Und tatsächlich ernteten wir dann auch ein paar fragende Blicke, als wir zwischen den Sakhnin-Fans auf der Hintertortribüne Platz nahmen.

Die Stimmung im Spiel dann über 90 Minuten wundervoll emotional. Ein Glückstreffer. Gästefans waren zwar nicht dabei, ich wette mal, sie waren aus Gründen der „Friedenswahrung“ schlicht nicht erlaubt, aber die Heimfans gaben wirklich alles, um ihre Jungs gegen den Club aus Jerusalem nach vorne zu peitschen. Und tatsächlich, die Heimmannschaft erkämpfte sich nach und nach die Oberhoheit. Jerusalem präsentierte sich esprit- und letztlich auch mittellos.

In der Zwischenzeit hab ich dann auch mal nachgelesen und festgestellt, dass Sakhnin einer von nur drei arabischen Clubs ist, die es je ins Oberhaus des israelischen Fußballs geschafft haben. In der jetzigen Liga sind sie derzeit sogar den einzige arabische Club.

Entsprechen aufgeheizt war das Spiel natürlich. In vielen Ecken prangte die palästinensische Flagge und die Jerusalemspieler mussten sich bei jeder Ballberührung gellende Pfeifkonzerte gefallen lassen. Als der Keeper schließlich wiederholt mit Klopapierrollen beworfen wurde, begann noch eine sinnlose Opfershow und das Spiel wurde mehrfach für längere Momente gestoppt. Das böse, böse Klopapier. Gähnend dachte ich an so manch ein osteuropäisches Derby, wo Keeper mit so ganz anderen Dingen beworfen wurden. Ohne so ein Gewese zu machen.

In der Halbzeit wurden wir dann von den Locals angesprochen. Wie immer kamen wir als Deutsche sofort gut an. In diesem Fall stellte sich heraus, dass einer der Typen wie der Welpe in München an der LMU studiert. Zufälle gibt es.

Nachdem die Gastgeber schon in Hälfte 1 viele gute Gelegenheiten haben liegen gelassen, netzten sie circa 25 Minuten vor Schluss endlich und völlig verdient ein. Das ganze Doha Stadium rastete kollektiv aus. Auch uns hielt es nicht auf den Sitzen.

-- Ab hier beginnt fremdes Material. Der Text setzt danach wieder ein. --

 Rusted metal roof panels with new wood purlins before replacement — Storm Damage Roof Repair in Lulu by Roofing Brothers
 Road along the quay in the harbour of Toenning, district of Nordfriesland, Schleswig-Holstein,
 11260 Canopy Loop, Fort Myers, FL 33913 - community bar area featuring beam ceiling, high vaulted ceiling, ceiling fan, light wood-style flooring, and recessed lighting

Ein Fehler, denn schon schwebte die Security-Drohne genau über uns. Offenbar irritiert von den beiden deutschen Touris. So irritiert, dass sie noch mehrfach zu uns rüber kam und rein zufällig genau über unseren Köpfen rumschwirrte.

Können wir uns also schon mal auf Folgendes einstellen: Special Treatment bei der Ausreise? Komplettes Gepäck auspacken, Leibesvisitationen, Ausreisestempel mit der Nummer 6 (höchstes Level der Sicherheitsgefahr) und gar Wiedereinreiseverbot für die nächsten vier Jahre? Der Welpe lacht darüber nur müde. Alles kalter Kaffee, alles schon erlebt. Und der Köter kann es jetzt eh nicht mehr ändern…

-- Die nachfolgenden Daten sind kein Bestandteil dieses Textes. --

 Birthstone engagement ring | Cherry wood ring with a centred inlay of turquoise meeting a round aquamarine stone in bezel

Nach der Führung hieß es nur noch durchhalten. Denn Beitar warf jetzt alles nach vorne. Auf den Sitzplätzen saß bald kaum noch einer. Wenige Minuten vor dem Abpfiff – wegen der Klopapiernummer gab es eine unendliche Nachspielzeit – zappelte der Ball dann schließlich nach einem sauberen Konter zum 2:0 im Netz. Jetzt gab es kein Halten mehr für Roten.

Von unserem Platz aus konnten wir derweil gut beobachten, wie vor dem Stadion die Polizei ihre Einheiten zusammenzog. Nicht wenige Fans, gerade die mit kleinen Kindern, verließen noch vor Abpfiff das Stadion. Aus Sorge vor Ausschreitungen.

Nach dem Abpfiff bewunderten wir noch eine Weile die Feierlichkeiten, sammelten uns, erbärmlich und arm wie wir Köter so sind, ein paar noch fast volle und sträflich liegengelassene Sonnenblumenkerntüten zusammen und machten uns schließlich auf die Suche nach unserem Auto. Dafür galt es sich einen Weg mitten durch die Feierlichkeiten zu bahnen, die sich nun vom Stadion auf die Straße bewegt hatten. Dabei knallten Böller, laute Musik überall, palästinensische Fahnen, vermummte Jugendliche beim Auto- und Mofakorso und Sakhniner, die immerzu fragten, wie uns die Stimmung gefällt.

Gefährlich fühlte sich das alles übrigens nicht an. Nur mal so am Rande.